___ Supplied information

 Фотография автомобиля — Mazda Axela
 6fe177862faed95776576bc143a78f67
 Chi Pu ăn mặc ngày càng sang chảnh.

______

Required work - Take the material above and reproduce it word for word.

Your response -
 Фотография автомобиля — Mazda Axela
 6fe177862faed95776576bc143a78f67
 Chi Pu ăn mặc ngày càng sang chảnh.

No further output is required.